Our final choir practice was last night in the church, a last chance to prepare for tonight's breath-taking Midnight Mass. We began and I forgot myself as I sang with the other choir members, these dear friends I’ve made in such a short time, who have welcomed me with kindness into their choir family.
As Ruth sang “Gift of God” with my brother, and the choir gently sang our responses to the verses, I closed my eyes, overwhelmed by the beauty of the music.
I opened them and saw my uncle, the choir director. He lost his seventeen-year-old son, my cousin, in a car accident this summer. Yet there he was, pouring himself out, feeling the music as I was. Finding healing in it. Tears gathered in my eyes as I watched him with compassion and admiration.
And in that moment, I felt the petty details of the week be stripped away.

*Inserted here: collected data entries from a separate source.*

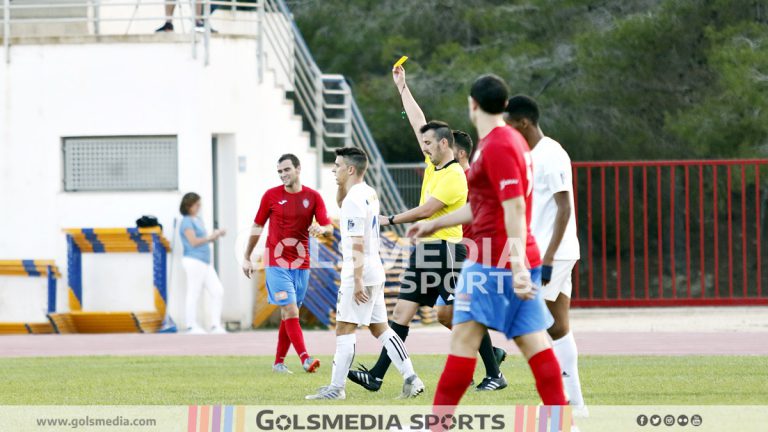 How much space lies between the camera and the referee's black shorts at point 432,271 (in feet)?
38.9

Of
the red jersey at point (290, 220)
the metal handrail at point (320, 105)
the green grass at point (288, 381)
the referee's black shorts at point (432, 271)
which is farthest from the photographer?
the metal handrail at point (320, 105)

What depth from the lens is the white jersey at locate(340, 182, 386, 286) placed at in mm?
11008

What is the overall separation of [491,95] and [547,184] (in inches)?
68.5

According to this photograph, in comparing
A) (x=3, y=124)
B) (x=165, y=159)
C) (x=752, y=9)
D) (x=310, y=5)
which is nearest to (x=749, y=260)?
(x=752, y=9)

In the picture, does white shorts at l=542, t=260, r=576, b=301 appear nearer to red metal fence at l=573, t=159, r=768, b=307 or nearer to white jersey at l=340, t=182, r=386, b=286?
white jersey at l=340, t=182, r=386, b=286

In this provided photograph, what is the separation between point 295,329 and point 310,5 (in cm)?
1705

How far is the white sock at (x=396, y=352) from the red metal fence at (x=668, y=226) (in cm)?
1170

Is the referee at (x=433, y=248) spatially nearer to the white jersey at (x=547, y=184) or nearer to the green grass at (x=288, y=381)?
the green grass at (x=288, y=381)

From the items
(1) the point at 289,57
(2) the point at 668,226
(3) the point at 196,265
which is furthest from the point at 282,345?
(2) the point at 668,226

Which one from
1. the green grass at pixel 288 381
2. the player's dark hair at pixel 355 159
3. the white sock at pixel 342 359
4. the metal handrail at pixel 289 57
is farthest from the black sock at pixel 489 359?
the metal handrail at pixel 289 57

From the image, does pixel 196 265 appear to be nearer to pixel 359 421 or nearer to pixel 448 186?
pixel 448 186

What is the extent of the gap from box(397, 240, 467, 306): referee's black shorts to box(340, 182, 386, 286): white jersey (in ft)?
1.78

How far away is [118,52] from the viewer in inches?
829

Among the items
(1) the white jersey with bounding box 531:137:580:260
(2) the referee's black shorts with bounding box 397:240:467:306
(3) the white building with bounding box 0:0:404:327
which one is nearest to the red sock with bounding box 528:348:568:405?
(1) the white jersey with bounding box 531:137:580:260
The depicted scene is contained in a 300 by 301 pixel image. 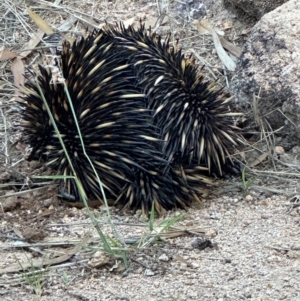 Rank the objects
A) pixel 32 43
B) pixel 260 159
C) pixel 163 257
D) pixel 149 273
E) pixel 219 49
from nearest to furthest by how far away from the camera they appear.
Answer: pixel 149 273
pixel 163 257
pixel 260 159
pixel 219 49
pixel 32 43

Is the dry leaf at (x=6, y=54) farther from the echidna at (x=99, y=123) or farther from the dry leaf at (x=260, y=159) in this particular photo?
the dry leaf at (x=260, y=159)

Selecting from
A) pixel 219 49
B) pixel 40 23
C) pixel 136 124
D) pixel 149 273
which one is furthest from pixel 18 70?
pixel 149 273

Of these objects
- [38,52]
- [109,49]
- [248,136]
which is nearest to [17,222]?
[109,49]

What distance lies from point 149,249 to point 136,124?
2.29 ft

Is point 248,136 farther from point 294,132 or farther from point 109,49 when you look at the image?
point 109,49

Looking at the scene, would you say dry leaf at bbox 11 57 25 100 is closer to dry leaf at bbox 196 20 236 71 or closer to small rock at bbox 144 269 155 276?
dry leaf at bbox 196 20 236 71

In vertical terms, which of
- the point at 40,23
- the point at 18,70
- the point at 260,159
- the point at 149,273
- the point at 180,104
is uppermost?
the point at 40,23

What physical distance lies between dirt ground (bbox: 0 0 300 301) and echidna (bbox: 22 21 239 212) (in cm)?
17

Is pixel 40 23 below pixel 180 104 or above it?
above

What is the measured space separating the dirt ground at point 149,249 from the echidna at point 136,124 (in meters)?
0.17

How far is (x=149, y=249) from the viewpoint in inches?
127

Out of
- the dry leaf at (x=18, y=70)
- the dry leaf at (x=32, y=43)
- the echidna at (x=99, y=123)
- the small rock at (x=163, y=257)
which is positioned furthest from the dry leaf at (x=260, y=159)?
the dry leaf at (x=32, y=43)

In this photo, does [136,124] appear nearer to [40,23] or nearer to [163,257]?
[163,257]

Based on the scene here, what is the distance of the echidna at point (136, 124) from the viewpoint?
364cm
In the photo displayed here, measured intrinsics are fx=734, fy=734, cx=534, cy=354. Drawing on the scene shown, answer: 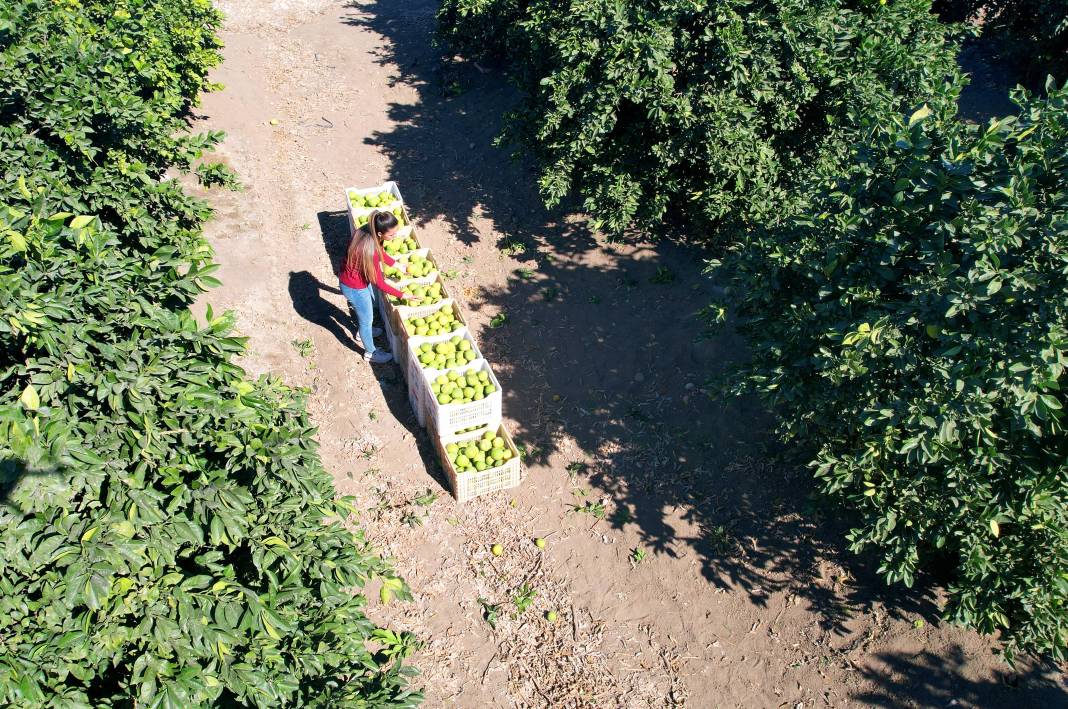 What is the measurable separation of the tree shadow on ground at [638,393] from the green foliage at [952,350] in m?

Why had I allowed such clutter to build in my heart and mind this week? Had I been preparing my heart with room for the Savior only to fill it with worries and selfishness just before His coming?
“Word of prophets, word of poets, Holy Word of God made flesh…to a world of pain and suffering, comes the hope of joy renewed.” Kyle’s and Ruth’s beautiful voices echoed through the church.
“Gift of God, O Emmanuel,” We responded to each verse, with reverence and emotion.
The purity and simplicity of Christmas was right there, in those lyrics, those five words.
This indescribable gift of God—that He came down to earth, to be God-with-us—Emmanuel.
The God who is with my uncle and family in their unimaginable grief. The God who is with me in my heartache and confusion. The God who is with each one of us in our fears, frustrations, and uncertainties.
Gift of God. Emmanuel. It’s that simple. And that powerful.
Merry Christmas Eve, dear friends. Tonight is a holy night.